Retailers, except those selling essential products, have seen their businesses suffer as a prolonged lockdown has led to countrywide store closures. The retail sector employs 40-50 million people directly, according to estimates by the Retailers Association of India (RAI).
These people have suffered as malls, markets and shops selling non-essentials have seen business slump because of the lockdown, but in the fourth phase, beginning 18 May, some businesses have been allowed to resume operations. However, retailers said they will wait for state government directives to open up.
“The simple answer is no, what they announced had nothing to do with our industry. For the stimulus to have any impact, it will take at least 1 to 2 years for all these policies to pave the way for any demand creation. Apart from reduction in EPF contribution and other small measures there has been no direct support to our industry," said Sanjay Vakharia, chief executive officer, Spykar Lifestyles, which sells apparel through 1,400 points of sale in India.
Moreover, malls, which host large retailers, continue to remain shut.

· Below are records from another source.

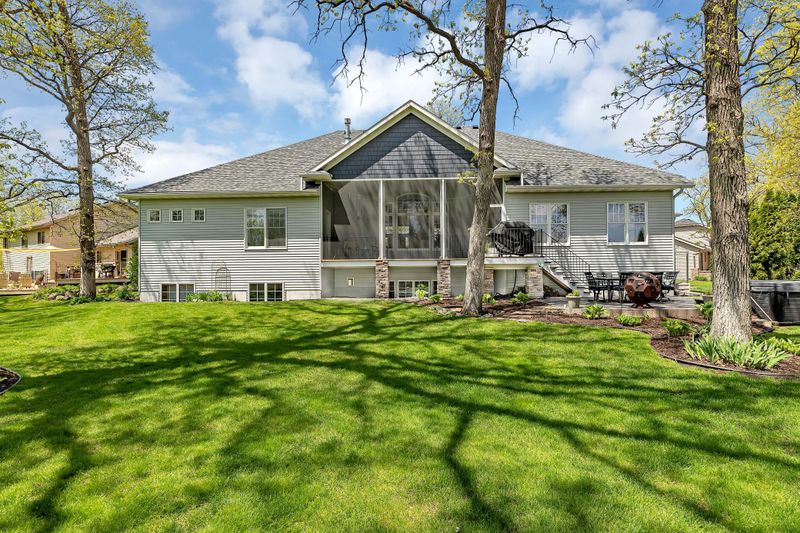 2101 Queens Ct, Sartell, MN 56377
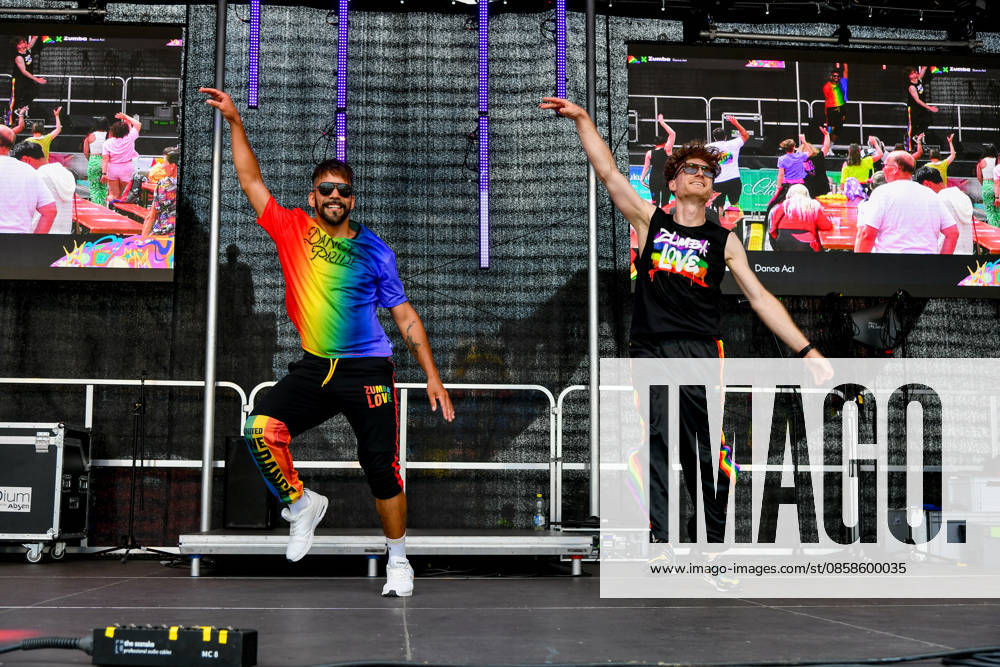 Deutschland, Baden-Wuerttemberg, Karlsruhe 08.06.2026, Deutschland, GER, Baden-Wuerttemberg, Karlsruhe im Bild Themenbild, CSD Karlsruhe 2026, Christopher Street Day, Karlsruhe Pride, LGBTQIA+, Pride, Vielfalt, Diversität, Gleichberechtigung, Akzeptanz, Toleranz, Sichtbarkeit, Queer Community, Love is Love, Regenbogenflagge, Pride Parade, Demonstration, Menschenrechte, Inklusion, Antidiskriminierung, Solidarität, Community, Empowerment, Gender Diversity, Trans Rights, Nonbinary, Lesbian, Gay, Bisexual, Queer, Ally, Pride Month, Straßenfest, Vielfalt feiern, Gleichstellung, Karlsruhe Events, Baden-Württemberg, bunt, laut, stolz, Liebe, Respekt, Freiheit, Zusammenhalt, Christopher Street Day Karlsruhe, CSD 2026, Pride Karlsruhe, Queere Si Deutschland, Baden-Wuerttemberg, Karlsruhe, 08.06.2026-22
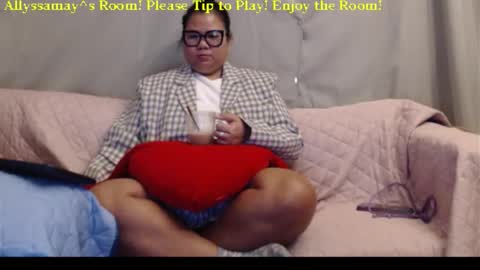 Snapshot of allyssamay chatting on October 29, 3:09 am Allyssamay online show from October 29, 3:09 am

“We are very disappointed with the government. They have not taken our request into consideration at all. We were hoping that they will allow at least 50% area of the malls to reopen," said Amitabh Taneja, chairman, Shopping Centres Association of India (SCAI).
It had sent a detailed SOP to the government, saying it was best to allow consumers to shop in a controlled environment, Taneja said. “However, no one in the government understood what we were presenting. We will now have to restrategize, calculate the losses that the industry will incur and then appeal again."